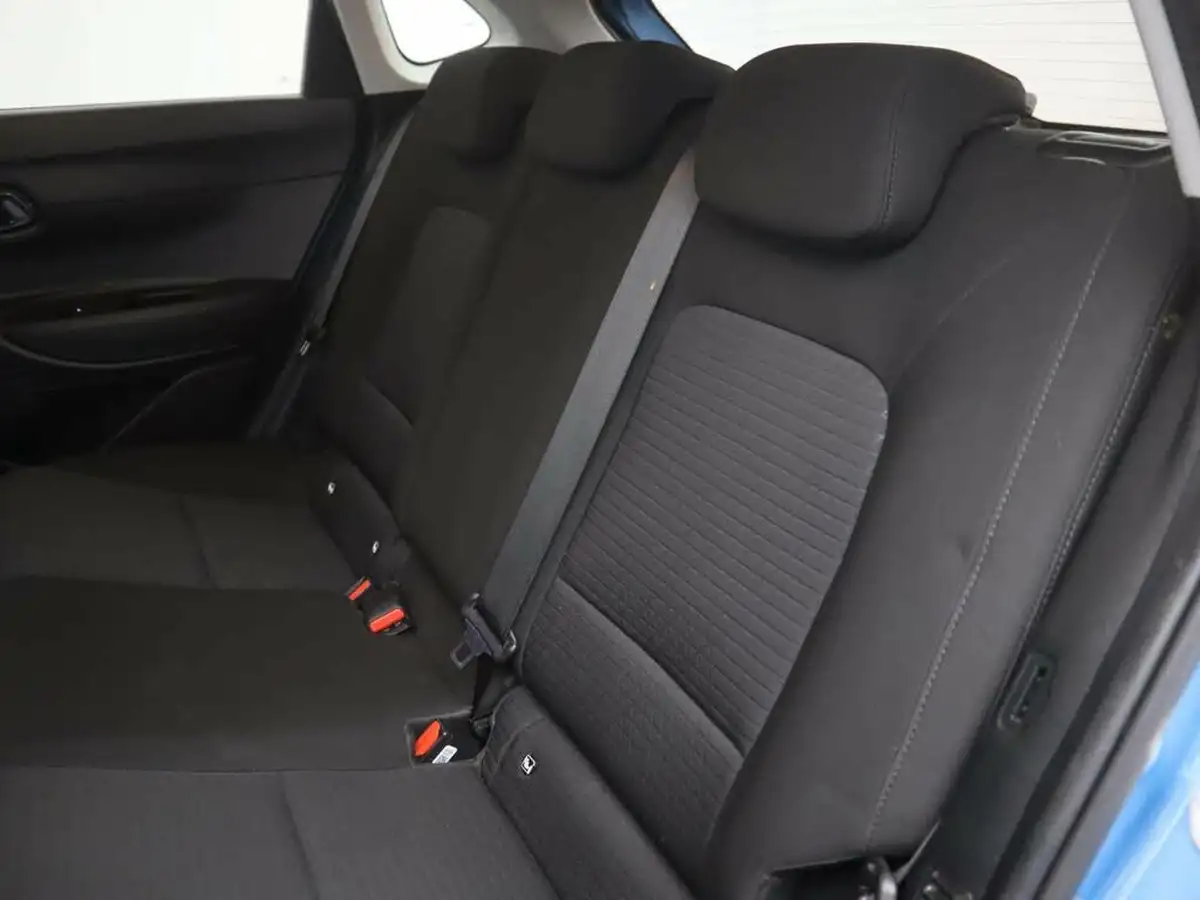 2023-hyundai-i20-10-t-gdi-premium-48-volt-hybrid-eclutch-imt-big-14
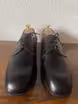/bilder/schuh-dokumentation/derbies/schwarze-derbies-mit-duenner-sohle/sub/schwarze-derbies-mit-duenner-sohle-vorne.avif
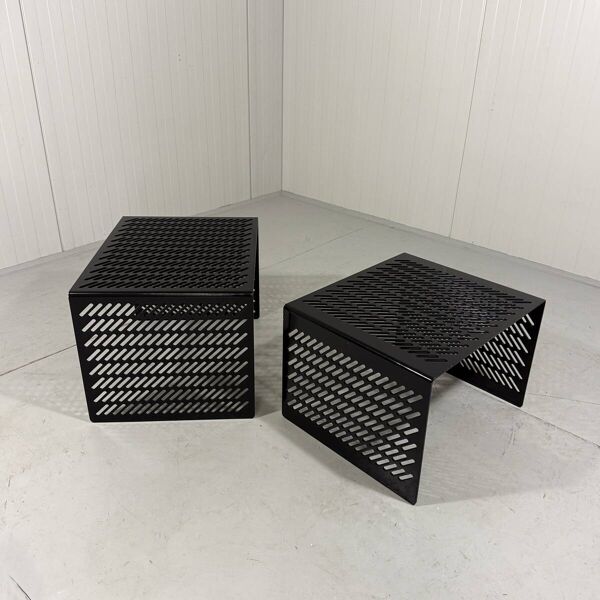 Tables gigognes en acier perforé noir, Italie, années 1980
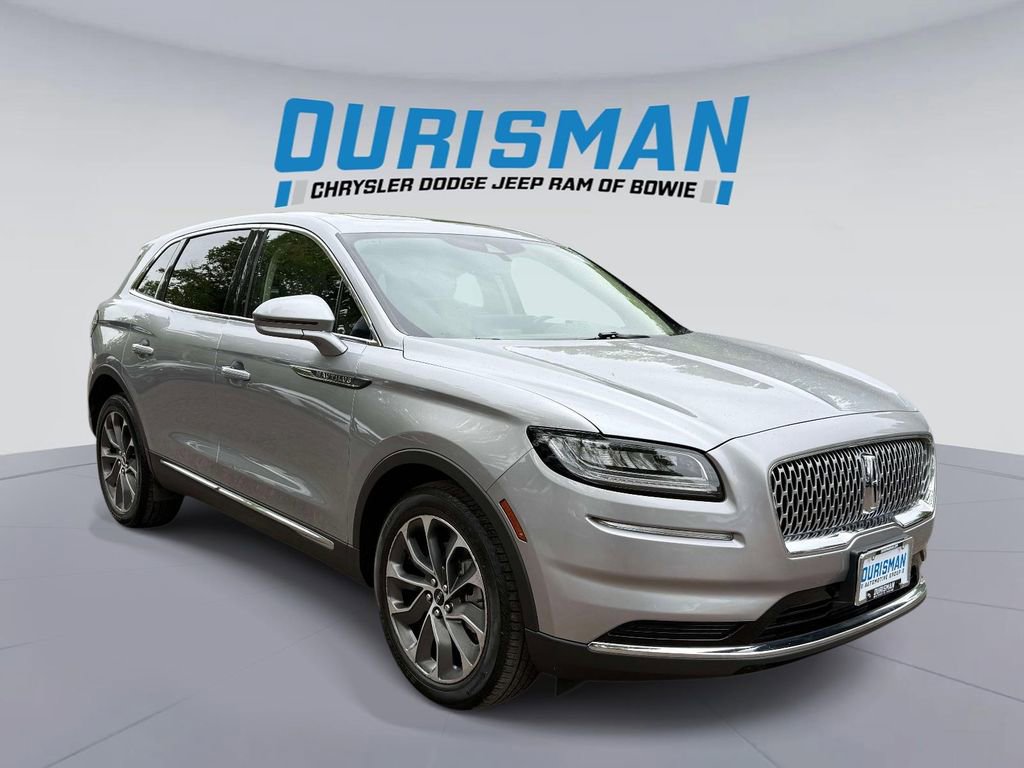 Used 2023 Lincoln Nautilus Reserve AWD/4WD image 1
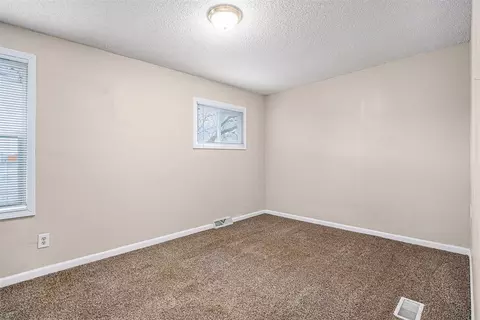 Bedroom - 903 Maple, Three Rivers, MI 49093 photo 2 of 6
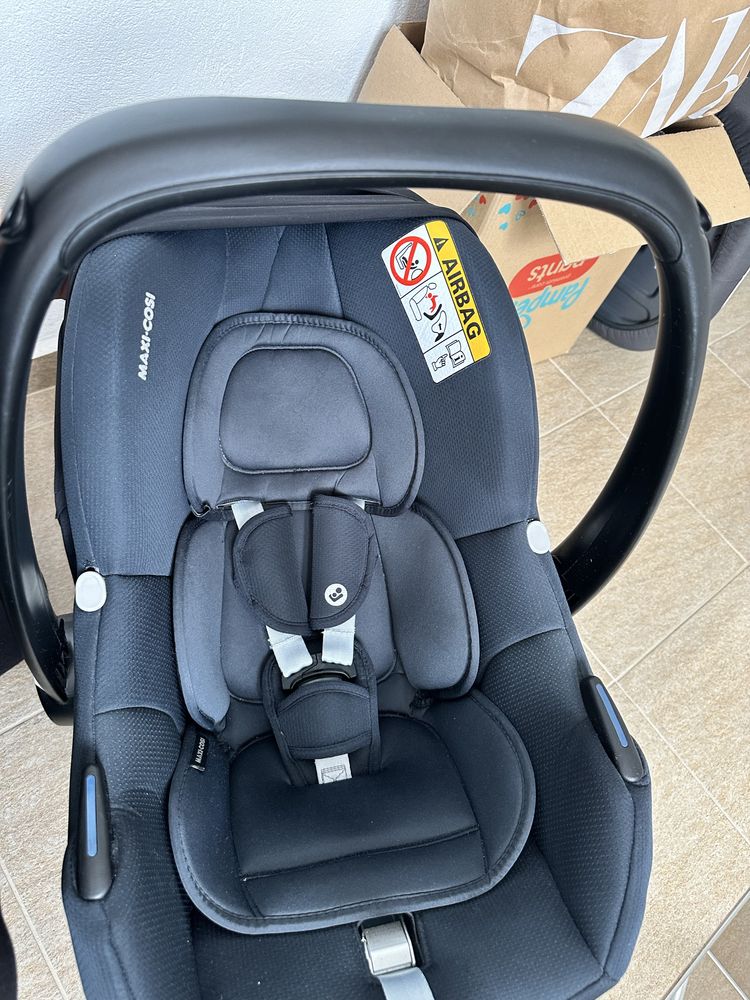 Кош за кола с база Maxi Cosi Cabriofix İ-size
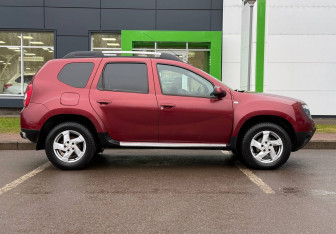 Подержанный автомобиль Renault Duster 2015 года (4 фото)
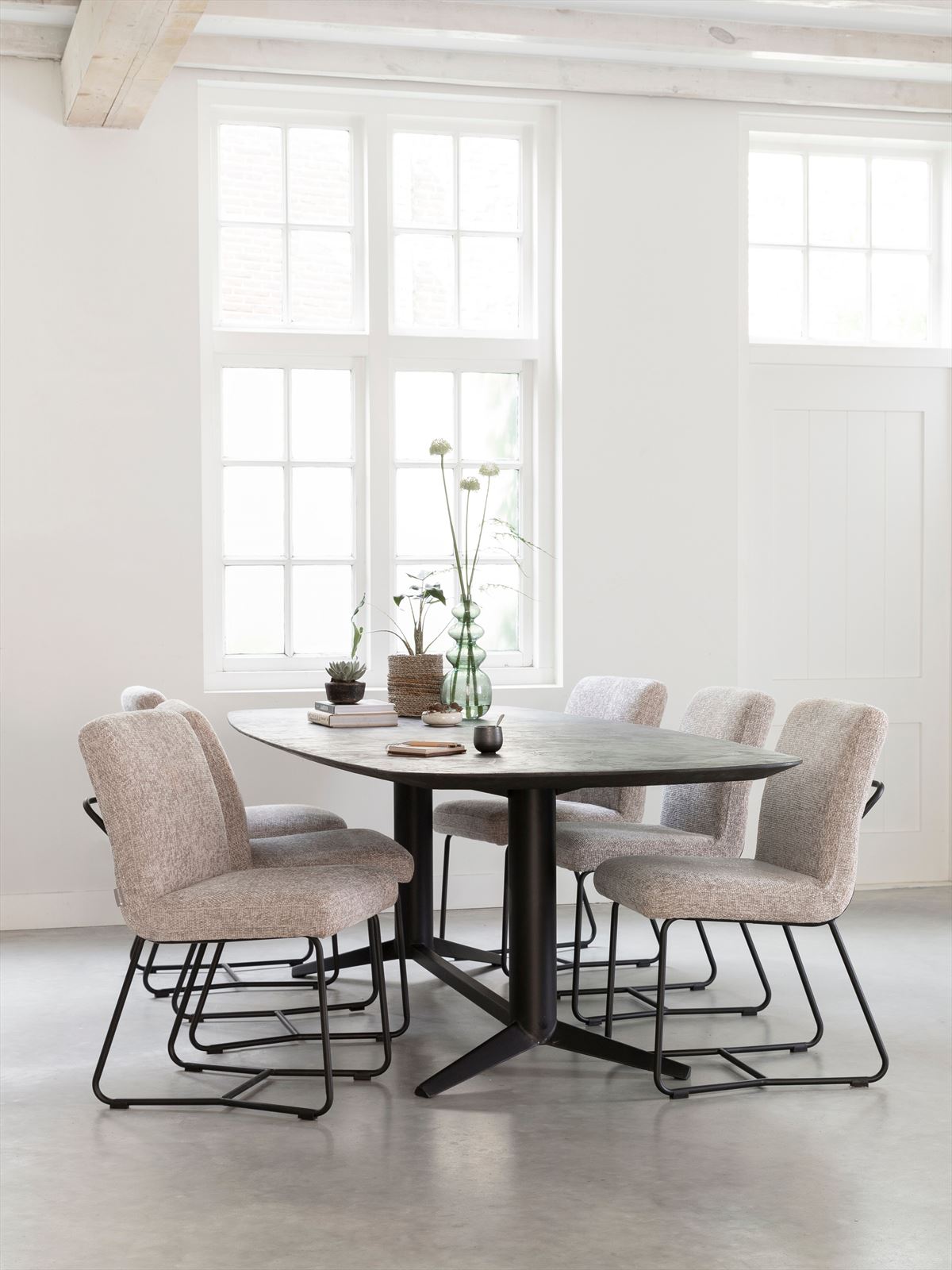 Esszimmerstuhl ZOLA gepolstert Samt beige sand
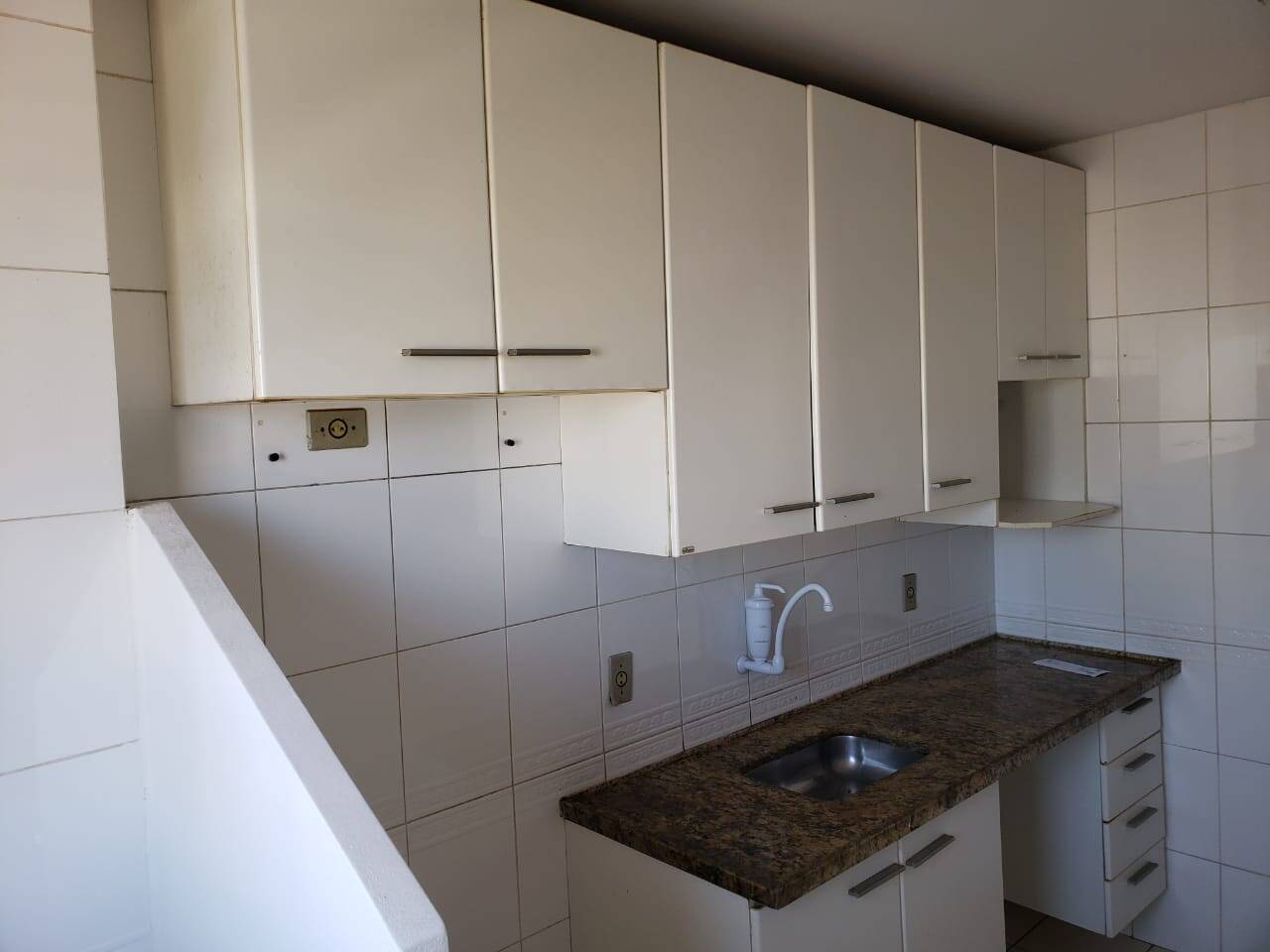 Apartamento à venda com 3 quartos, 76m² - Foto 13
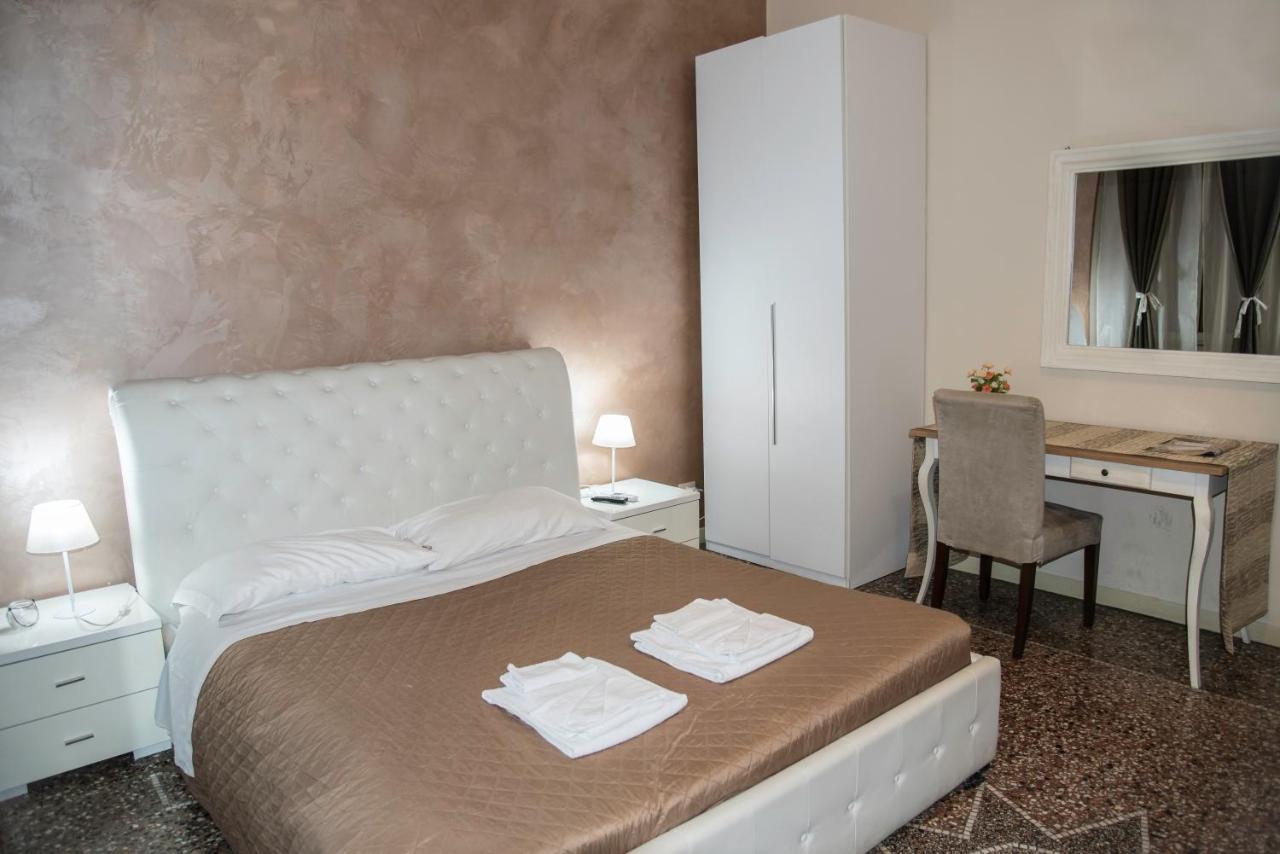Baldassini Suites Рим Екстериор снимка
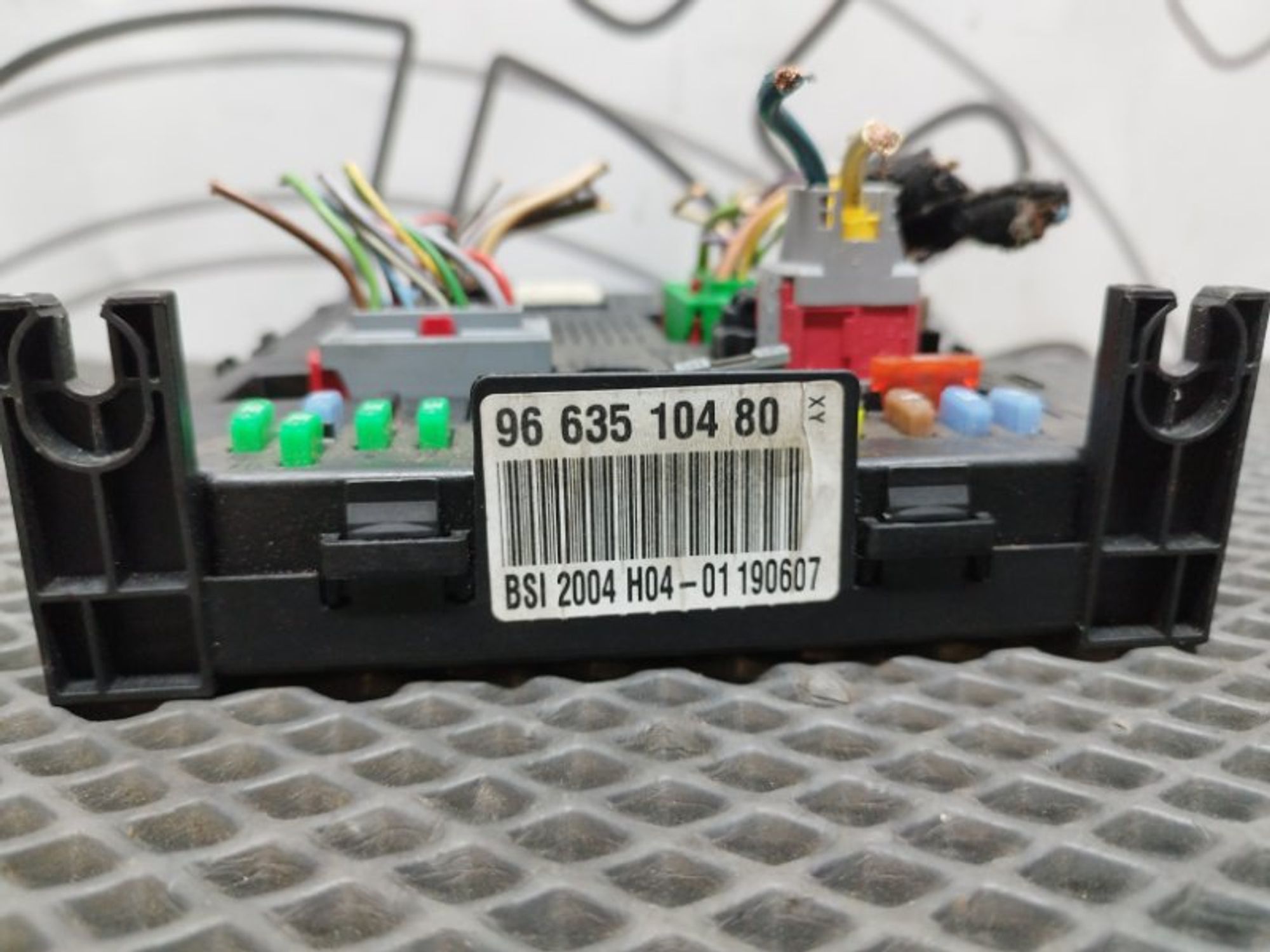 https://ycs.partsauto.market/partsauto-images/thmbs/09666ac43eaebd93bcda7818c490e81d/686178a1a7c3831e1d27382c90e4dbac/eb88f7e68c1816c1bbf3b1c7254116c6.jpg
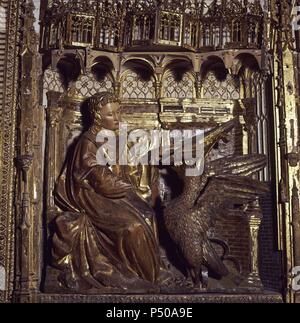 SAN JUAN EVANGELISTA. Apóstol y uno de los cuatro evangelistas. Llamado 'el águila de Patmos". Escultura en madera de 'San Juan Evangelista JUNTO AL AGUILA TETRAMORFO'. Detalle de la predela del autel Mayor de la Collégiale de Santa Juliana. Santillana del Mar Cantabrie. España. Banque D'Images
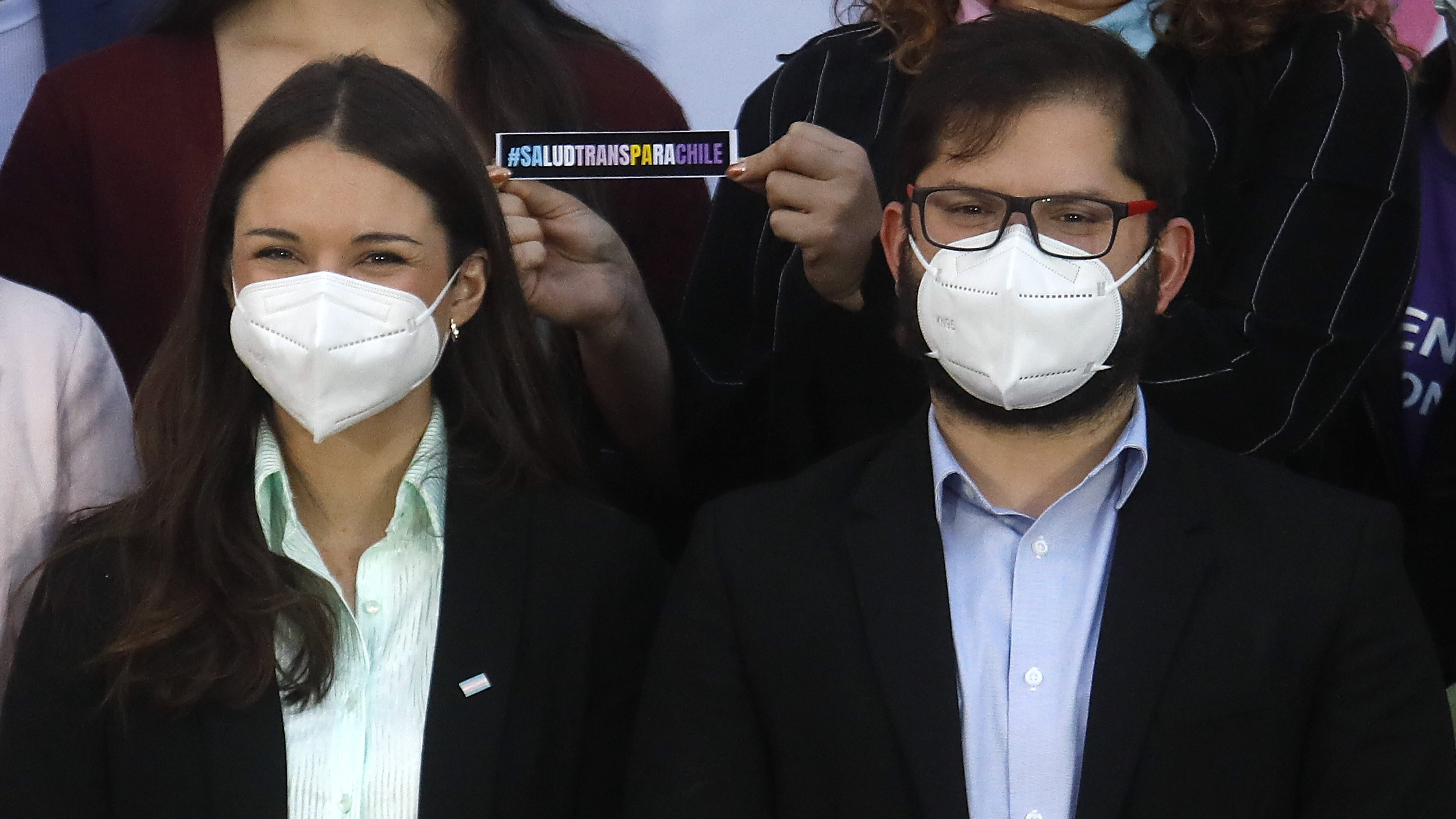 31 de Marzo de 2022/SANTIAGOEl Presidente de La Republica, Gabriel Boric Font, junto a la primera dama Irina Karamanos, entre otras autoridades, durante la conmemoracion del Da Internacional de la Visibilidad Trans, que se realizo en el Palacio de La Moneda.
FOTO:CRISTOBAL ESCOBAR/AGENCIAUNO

# Work order:
What is needed is an exact copy of the lines from the beginning of the data through the line containing "Tables gigognes en", both included, without any pictures.

# Solution to the exercise:
 2023-hyundai-i20-10-t-gdi-premium-48-volt-hybrid-eclutch-imt-big-14
/bilder/schuh-dokumentation/derbies/schwarze-derbies-mit-duenner-sohle/sub/schwarze-derbies-mit-duenner-sohle-vorne.avif
 Tables gigognes en acier perforé noir, Italie, années 1980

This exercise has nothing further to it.